Reputation: 563
I find violinplots quite pretty, but the way it is calculated is difficult to grasp for non-statisticians, the documentation is quite rudimentary. I am using the default values of the geom_violin function of ggplot2 in R. Does anybody knows what I could write in the material and method part of the paper, or get me a nice reference for it.

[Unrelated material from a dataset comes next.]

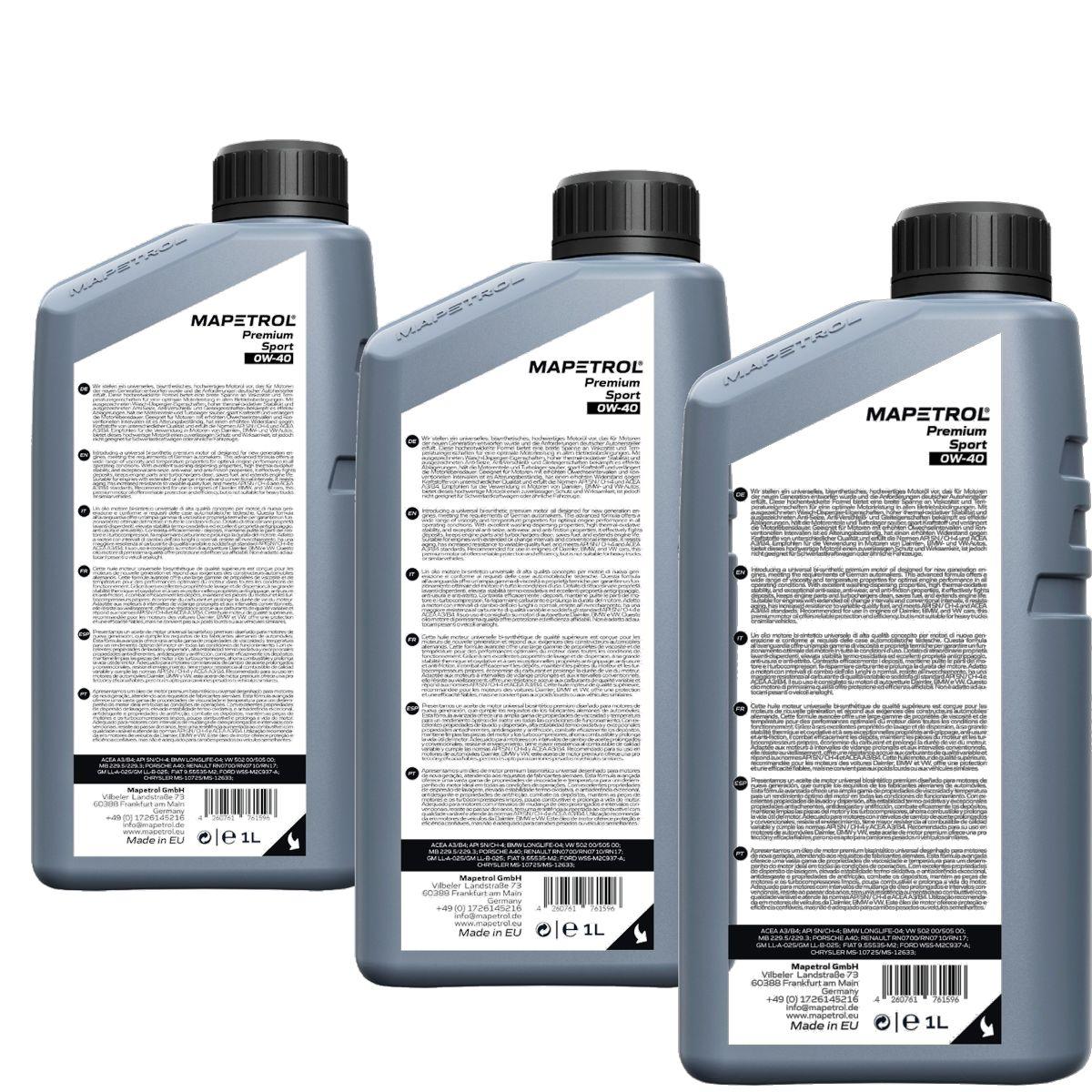 Mapetrol Premium Sport 0W-40 3x1 Liter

By the way, is the use of these plots clever, even if the distribution of the data is unknonwn? (example of figure can be seen here: https://github.com/jcolomb/learningdata/blob/master/flightdata/analysis_R/firsttest_files/figure-latex/unnamed-chunk-2-1.pdf)
Upvotes: 2
Views: 3020
Reputation: 317
Hadley documents the source of violinplots here in de code: https://github.com/hadley/ggplot2/blob/master/R/geom-violin.r#L20-L21
Which you would have found if you use ?geom_violin
and read the documentation.
He references: Hintze, J. L., Nelson, R. D. (1998) Violin Plots: A Box Plot-Density Trace Synergism. The American Statistician 52, 181-184
And for completeness here is the DOI: http://dx.doi.org/10.2307/2685478
Upvotes: 0
Reputation: 35307
For one of our papers, that used violin plots with boxplots overlaid, we used the following description in the figure legend:
Parameters of inspection behaviour for the different treatments presented as boxplots, indicating the median and quartiles with whiskers reaching up to 1.5 times the interquartile range. The violin plot outlines illustrate kernel probability density, i.e. the width of the shaded area represents the proportion of the data located there.
This was agreed on after an editor told us the previous description was too technical, as he himself didn't know what violin plots were.